- WORK INSTRUCTIONS
Beginning at the top of the entries below, retype each line exactly until the line containing "una casa roja" has been written out; include no pictures and no later lines.

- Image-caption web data
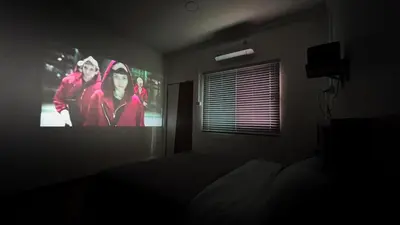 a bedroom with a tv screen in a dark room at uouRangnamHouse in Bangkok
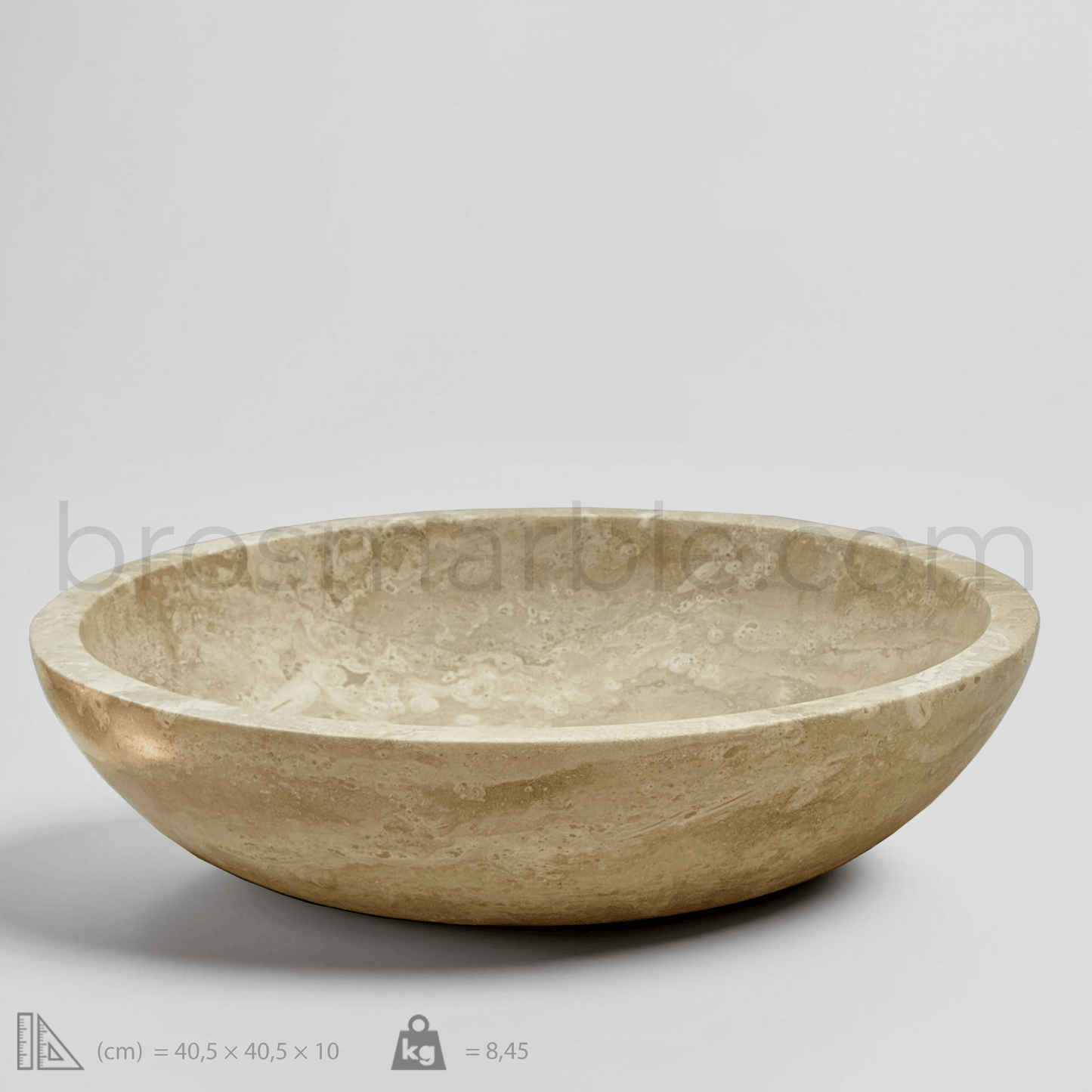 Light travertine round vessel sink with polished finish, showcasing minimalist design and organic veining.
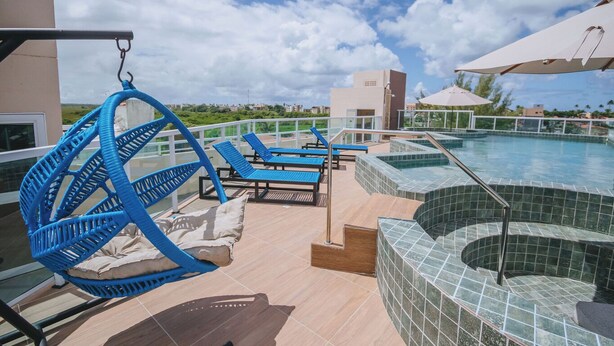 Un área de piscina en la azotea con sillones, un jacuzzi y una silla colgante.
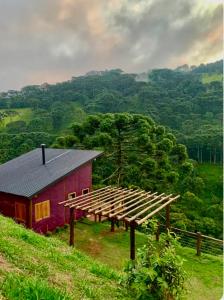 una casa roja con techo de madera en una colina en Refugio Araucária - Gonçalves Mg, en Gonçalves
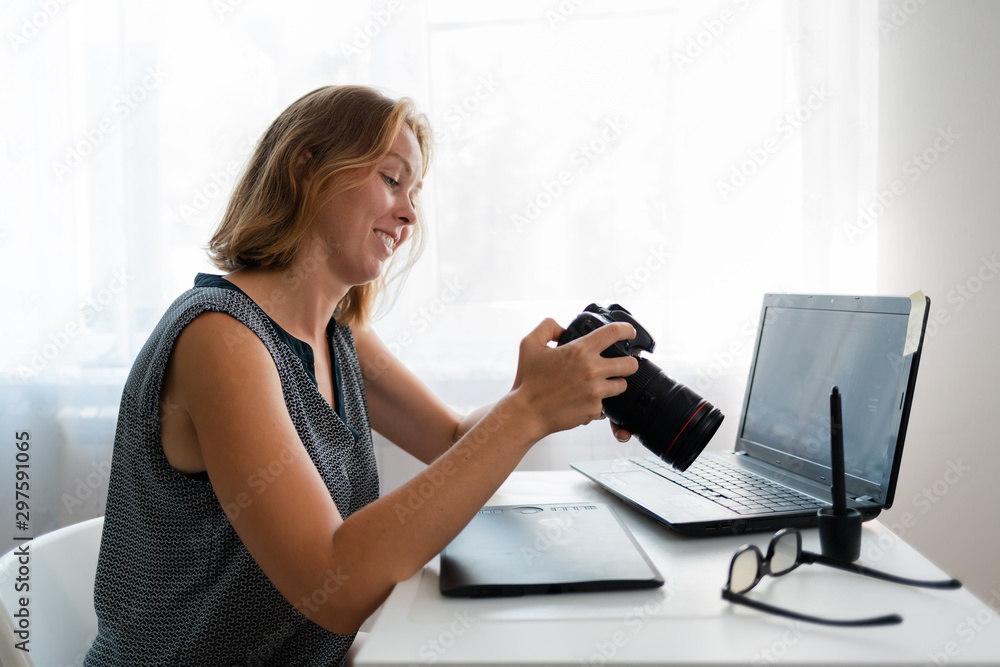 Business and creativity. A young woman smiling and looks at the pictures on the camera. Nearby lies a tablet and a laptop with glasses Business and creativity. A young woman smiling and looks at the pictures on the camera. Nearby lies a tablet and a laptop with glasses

- YOUR RESPONSE
 a bedroom with a tv screen in a dark room at uouRangnamHouse in Bangkok
 Light travertine round vessel sink with polished finish, showcasing minimalist design and organic veining.
 Un área de piscina en la azotea con sillones, un jacuzzi y una silla colgante.
 una casa roja con techo de madera en una colina en Refugio Araucária - Gonçalves Mg, en Gonçalves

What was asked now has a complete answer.